Regarding green house gases, one of the things this study does is reinforce the link between CO2 and climate state. Weathering is one way of removing a lot of CO2 from the atmosphere over long periods of time, and is part of the reason why Earth isn't more like Venus. Geologic forces removed a huge fraction of Earth's primordial CO2 from the atmosphere, more than we could ever hope to release by burning all of the fossil fuels on the planet.
If you look over geologic time scales, yes, we are in an ice age. People confuse ice age with glacial and inter-glacial periods. The trend for the last 40 million years has been sharp warming to temperatures similar to what we have experienced for roughly the last 10,000 years, followed by a slow decline over the next 100,000 or so years until you reach a minimum, then a sharp spike, etc. What is special about our current interglacial period is it has gone on for 10,000 years and it's suddenly getting warmer. There is some indication our current interglacial period has been somewhat long-lived even before we started pumping fossil fuels into the atmosphere, but the recent warming is more strongly correlated with the industrialization of our species. The typical interglacial temperature maximum for our ice age seems to have been in the ballpark of a few hundred to maybe a couple thousand years, a number we've far exceeded.
"By God are you implying that global temperature is a complex system with no single cause for temperature fluctuation?"
Over millions of years certainly, over a couple of hundred years the long term "causes" (orbit, tilt, tectonics, ect) simply drop out of the equation as irrelevant.
How not to attribute climate change, (nice graph). It's also interesting to note that 20th century warming would actually be a slight cooling if human CO2 emissions were removed from the models.
And did you exchange a walk on part in the war for a lead role in a cage? - Pink Floyd.
Two points. One: no one ever said humans are the sole cause. That said, it's clear we are part of what's going on. Two: the implication of the full article is that CO2 has a very large effect on climate. In turn, this implies that the rapid increase in CO2 due to humans may have a very large impact on our climate in a very short time.
And in a sense you have hit the nail on the head. Global warming is very much a political/economic issue and much less a science issue. Even if science can say what will happen, the simple fact is we can't easily reverse what we have already done, which could have consequences for a few centuries.
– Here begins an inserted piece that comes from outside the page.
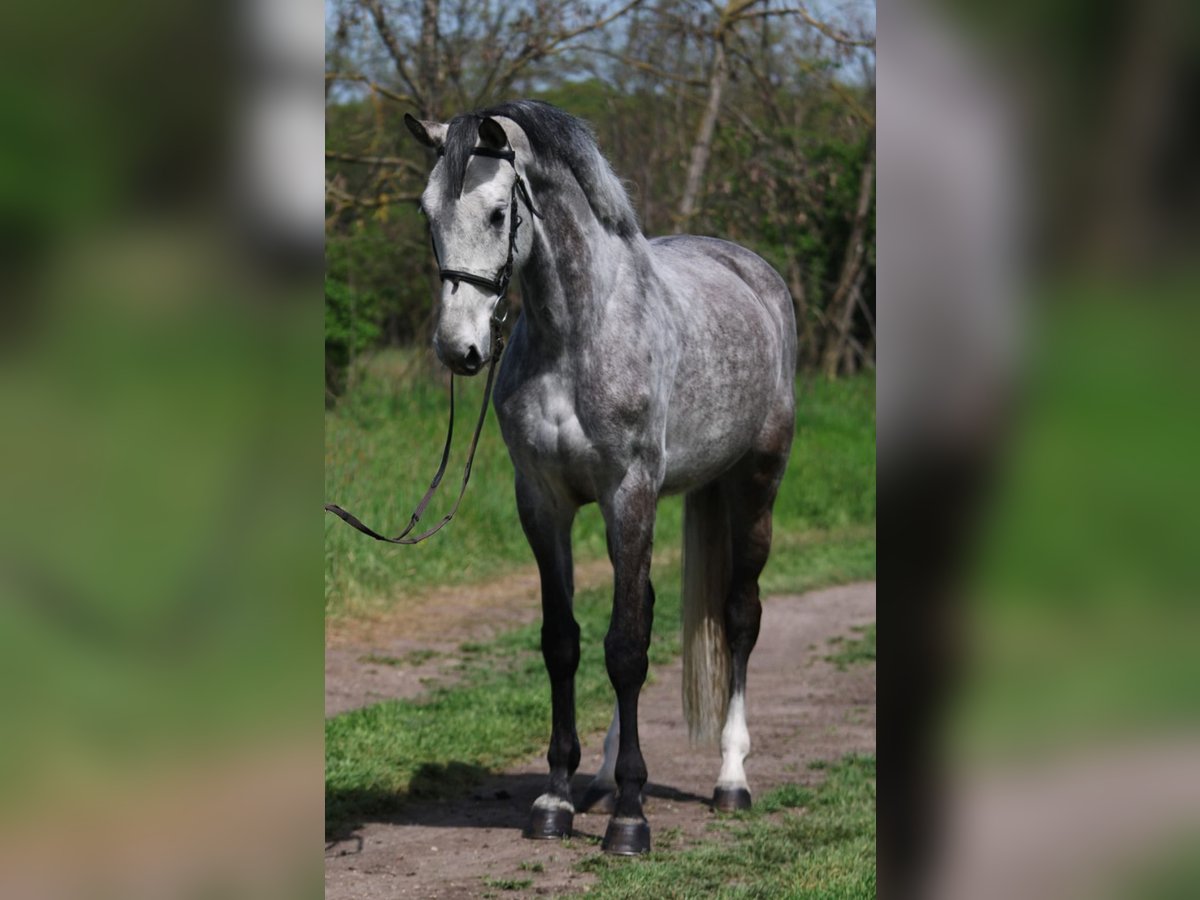 KWPN Klacz 7 lat 169 cm Siwa in Gyula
Now I'll pose a different question to you... what is the cost of doing nothing vs. taking what actions we can to mitigate the risk? The simple fact is we're rolling the dice and there will be winners and there will be losers, and we don't know which will be which. Even if only the least severe scenarios prove to be true, rising sea levels alone present us with an economic burden that far outweighs the costs of doing something now. So we don't understand everything well enough to know the exact outcome; but do we really want to roll those dice? I know I'm not a gambling man.